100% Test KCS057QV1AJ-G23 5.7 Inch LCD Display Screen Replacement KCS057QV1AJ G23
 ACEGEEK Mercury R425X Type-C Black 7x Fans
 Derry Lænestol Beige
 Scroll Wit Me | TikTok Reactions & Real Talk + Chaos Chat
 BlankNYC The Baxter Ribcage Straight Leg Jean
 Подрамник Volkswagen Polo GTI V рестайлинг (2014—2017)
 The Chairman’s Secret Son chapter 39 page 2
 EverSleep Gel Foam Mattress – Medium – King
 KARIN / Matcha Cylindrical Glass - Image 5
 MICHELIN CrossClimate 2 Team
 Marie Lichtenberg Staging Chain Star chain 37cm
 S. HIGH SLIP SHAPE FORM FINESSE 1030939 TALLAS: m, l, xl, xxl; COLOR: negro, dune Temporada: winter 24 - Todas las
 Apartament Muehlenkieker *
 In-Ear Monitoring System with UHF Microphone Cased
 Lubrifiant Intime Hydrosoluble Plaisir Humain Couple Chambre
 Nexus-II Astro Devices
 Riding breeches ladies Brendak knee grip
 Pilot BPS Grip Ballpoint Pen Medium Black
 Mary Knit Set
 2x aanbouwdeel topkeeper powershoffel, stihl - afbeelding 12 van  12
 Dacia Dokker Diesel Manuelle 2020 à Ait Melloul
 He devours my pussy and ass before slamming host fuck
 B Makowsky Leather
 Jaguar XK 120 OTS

=======

Problem to solve: What you return should match, exactly, the stretch of the listing above that runs from the line with "ACEGEEK Mercury R425X Type-C Black 7x Fans" to its last line.

Response below:
 ACEGEEK Mercury R425X Type-C Black 7x Fans
 Derry Lænestol Beige
 Scroll Wit Me | TikTok Reactions & Real Talk + Chaos Chat
 BlankNYC The Baxter Ribcage Straight Leg Jean
 Подрамник Volkswagen Polo GTI V рестайлинг (2014—2017)
 The Chairman’s Secret Son chapter 39 page 2
 EverSleep Gel Foam Mattress – Medium – King
 KARIN / Matcha Cylindrical Glass - Image 5
 MICHELIN CrossClimate 2 Team
 Marie Lichtenberg Staging Chain Star chain 37cm
 S. HIGH SLIP SHAPE FORM FINESSE 1030939 TALLAS: m, l, xl, xxl; COLOR: negro, dune Temporada: winter 24 - Todas las
 Apartament Muehlenkieker *
 In-Ear Monitoring System with UHF Microphone Cased
 Lubrifiant Intime Hydrosoluble Plaisir Humain Couple Chambre
 Nexus-II Astro Devices
 Riding breeches ladies Brendak knee grip
 Pilot BPS Grip Ballpoint Pen Medium Black
 Mary Knit Set
 2x aanbouwdeel topkeeper powershoffel, stihl - afbeelding 12 van  12
 Dacia Dokker Diesel Manuelle 2020 à Ait Melloul
 He devours my pussy and ass before slamming host fuck
 B Makowsky Leather
 Jaguar XK 120 OTS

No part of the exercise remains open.